State and county maps
MAP 1. Clinics providing publicly funded contraceptive services, by county
MAP 2. Title X–funded clinics providing contraceptive services, by county
MAP 3. Contraceptive clients served at publicly funded clinics, by county
MAP 4. Contraceptive clients served at Title X–funded clinics, by county
Maps are available for the years 2010 and 2015. All maps can be viewed by county-level density of women in need of publicly funded contraceptive services.
Notes and definitions
- A publicly funded clinic is a site that offers contraceptive services to the general public and uses public funds (e.g., federal, state or local funding though programs such as Title X, Medicaid or the federally qualified health center program) to provide free or reduced-fee services to at least some clients. Sites must serve at least 10 contraceptive clients per year. These sites are operated by a diverse range of provider agencies, including public health departments, Planned Parenthood affiliates, hospitals, federally qualified health centers (FQHCs) and other independent organizations. In this report, these sites are primarily referred to as “clinics”; other Guttmacher Institute reports may use the synonymous term “center.”

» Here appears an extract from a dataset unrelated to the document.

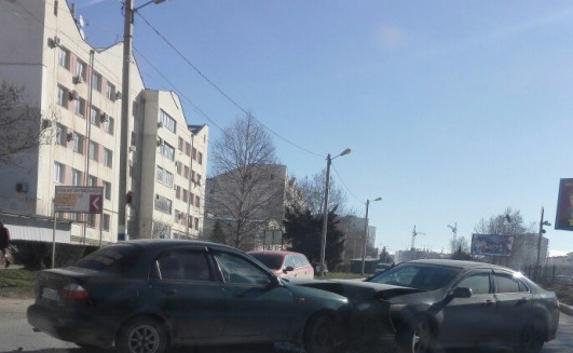 ДТП в районе улицы Колобова: две легковушки «лоб в лоб»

- A Title X–funded clinic is a site that receives federal funding from the Title X national family planning program.
- A female contraceptive client is a woman who made at least one initial or subsequent visit for contraceptive services during the 12-month reporting period covered by this data collection effort. This includes all women who received a medical examination related to the provision of a contraceptive method, made supply-related return visits, received contraceptive counseling and a method prescription but deferred the medical examination, or chose nonmedical contraceptive methods, even if a medical examination was not performed, as long as a chart was maintained.

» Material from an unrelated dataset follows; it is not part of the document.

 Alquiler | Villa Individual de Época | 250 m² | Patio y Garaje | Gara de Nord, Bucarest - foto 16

- Women in need of publicly funded contraceptive services are those women who a) are younger than 20 or are poor or low-income (i.e., have a family income less than 250% of the federal poverty level) and b) are sexually active and able to become pregnant but do not want to become pregnant. In the maps, the number of women in need of publicly funded contraceptive services is shown per 100 square miles, calculated using data from Guttmacher’s Contraceptive Needs and Services 2010 report and 2014 update for the 2010 and 2015 maps, respectively.
- All client estimates have been rounded to the nearest 10. Therefore, county and state totals do not always sum to the state and national totals, respectively.
- Percentages have been rounded and do not always sum to 100.